Our beautifully grown Lavender makes a lovely addition to a garden, patio or balcony as they have great flowers, attractive evergreen foliage and contribute a fantastic scent. They are one of only a few plants sold for culinary use that look good and grow well outside the kitchen garden as well as in it. And we grow and source the best, and hardiest, English & Dutch Lavenders for garden and culinary use. A naturally small, bushy shrub, it is one of the most effective ornamental hedging and edging plants: a go-to choice to soften straight lines, blurring the lines of terraces, steps, and paths.
Choose from blue, pink and white flowered lavender in a range of sizes - all of which should be planted (if you want a hedge) at 3 per metre.
Queen Victoria was a lover of lavender as a scent, and it became very fashionable with the ladies of the day which led to English lavender becoming a profitable industry with the main growing areas being just south of London, around Merton. The rise in land prices after the First World War pushed the growers out of business, so now most commercial lavender growing is in Provence where the vast expanses of purple and blue in summer have become an iconic image and are a huge tourist attraction.

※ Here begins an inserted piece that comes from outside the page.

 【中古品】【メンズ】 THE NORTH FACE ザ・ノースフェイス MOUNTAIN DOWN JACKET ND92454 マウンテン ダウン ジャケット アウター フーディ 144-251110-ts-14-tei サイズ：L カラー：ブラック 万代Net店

All varieties will grow into thick little ornamental hedges, perfect for covering up the base of a rose border. If you live in the sunnier, warmer Southern and Western parts of England and Wales, every variety will thrive without bother. For the rest of the island, Hidcote and Munstead are the toughest varieties, and will look lovely for several more years than the others without any protection in winter: all lavender naturally declines in aesthetic appeal after about a decade, even with diligent care. Butterfly lavender is the most tender of the bunch, and in colder regions it's usually best to grow it in pots and take it indoors overwinter to keep it happy.
For packing pot-pourris and other scented items, the Lavandula intermedia varieties, known as Dutch lavenders or Lavandins, have the strongest scent, with a high camphor content. Lavandula angustifolia varieties are definitely best for cooking with, and many people prefer their milder scent when it's right up close in aromatherapy or under their pillow.
All lavender loves a dryish, windy place in the sun, and none can stand damp feet. The best time to plant is into warm soil, usually from late April/early May (depending on our ‘characterful’ climate) through to early August.
Being of Mediterranean origin, they thrive in a poor, free draining soil and full sun. A heavy or clay soil can be improved by adding matter to help drainage, such as leaf mould and gravel, and a good tip is to create mounds of soil to plant into, or low raised beds, which keeps the base of the plants above the wet ground.
When planting a lavender hedge, it is best plant on a low ridge to improve air flow (in most gardens) and allow 3 plants per metre (one every 33cms). Pruning should be carried out every autumn, in order to keep plants looking bushy and healthy. It involves careful clipping of the foliage, back to around 2cm of new growth. Lavenders do not take kindly to hard pruning, so cutting back into old woody growth should be avoided. A bit of commitment to dead-heading your lavender regularly through the season will encourage plenty of repeat flowering. A great task to occupy the kids!